Data Warehousing and Data Science

20 June 2016

Data Lake vs Data Warehouse

Filed under: Data Architecture,Data Warehousing — Vincent Rainardi @ 6:22 pm

A Data Lake is a storage and analytic system which stores structured and unstructured data from all source systems in the company in its raw form. The data is queried, combined and analysed to get useful patterns and insights. It is built on a cost effetive Hadoop storage infrastructure, and can be dynamically scaled.

A Data Warehouse is a system that retrieves and consolidates data periodically from source systems into a dimensional or normalised data store. It usually keeps years of history and queried for reporting, business intelligence or other analytical activities. It is typically updated in batches, not every time a transaction happens in the source system.

Data Lake Advantages

Because data from all source systems are there in the data lake, the main advantage of data lake is it enables the analyst to get analytics and insight from multiple systems. Yes the data is still in their raw form, so would requires some processing, but it is a lot quicker (1-2 week) than building a data warehouse (6-12 months). And that is the second advantage: time to build.

The third advantage of data lake is its ability to store unstructured data such as documents and social media, which we can query and combine with structured data from databases.

The fourth and probably the most powerful business case for a data lake is the cost efficiency. In investment banking world for example, we can store market data (e.g. prices, yields, spreads, ratings) not only for the securities that we hold but all securities in the market, cheaper than if we store it in Oracle or SQL Server.

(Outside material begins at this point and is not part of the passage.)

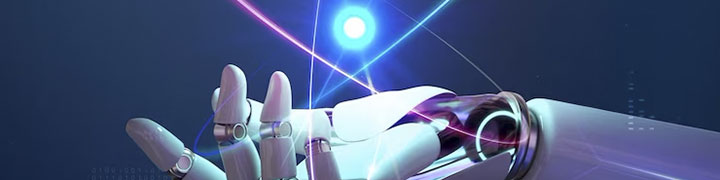 post artificial intelligence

The fifth advantage of a data lake is the flexibility. Unlike Oracle or SQL Server, data lakes dynamically scales up. If this morning it is 2 TB, in the afternoon it can be 3 TB. As new data arrives, and we need new capacity, we can add storage easily. As we require more computing power, we can get more computing power there and then, instantly. There is no need to wait a few days/weeks (or months) for adding a new node in a SQL always-on availability groups, or adding storage to the SAN, or extending the computing power of an Oracle Grid. This means that we do not need to spend a lot of money upfront paying for 3 TB data and 16 processors. We can just start with 300 GB and 4 processors, and expand when required.

Data Lake Disadvantages

The first issue is that the data lake technology is immature. The language which can query across database and unstructure files only has very limited features (each vendor has different language, for Microsoft Azure it is U-SQL). It is probably only 10% of what PL/SQL or T-SQL can do. We can solve this by putting QlikView or Tableau on top. We use U-SQL only to query individual table and we join the data in QlikView/Tableau and do further processing there.

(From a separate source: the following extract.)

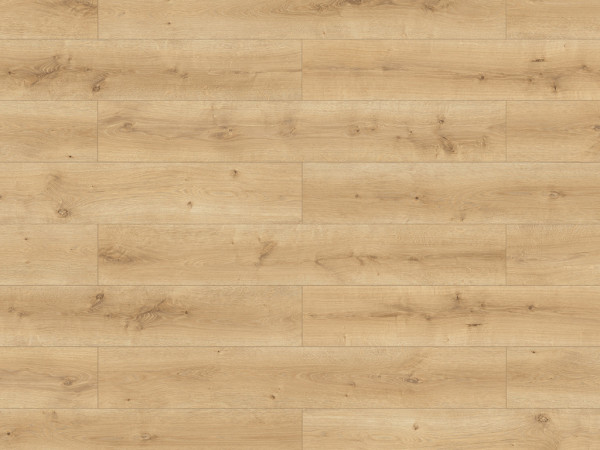 Sol stratifié « Casa Classico » décor Leano, lame large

The second issue is cost (but I don’t find this argument holds water). The issue is: it actually costs a lot of money to store data from all source systems in the company, let alone storing external market data which requires a lot of licence cost.

Let’s take Microsoft Azure Data Lake for pricing example. Being in the cloud, the price is only US$ 0.04 per GB and US$0.07/1 million transactions (ref: link). Let’s say that “data from ALL systems in the company” is 500 GB. And every day we store this data in the data lake. So 500 GB per day x 365 days = 182,500 GB per year x $0.04/GB = $7300 per year. Let’s say we have 10 million transactions per day, which is 3650 million transactions per year x $0.07/million transaction = $256 per year. So it is only cost us about $7500 per year. This is a very reasonable price to pay, to have “all the data in the company in one place”. Even 5 years later, when the volume grows to 5 times, it is only about $35,000 per year. Still very reasonable price to pay.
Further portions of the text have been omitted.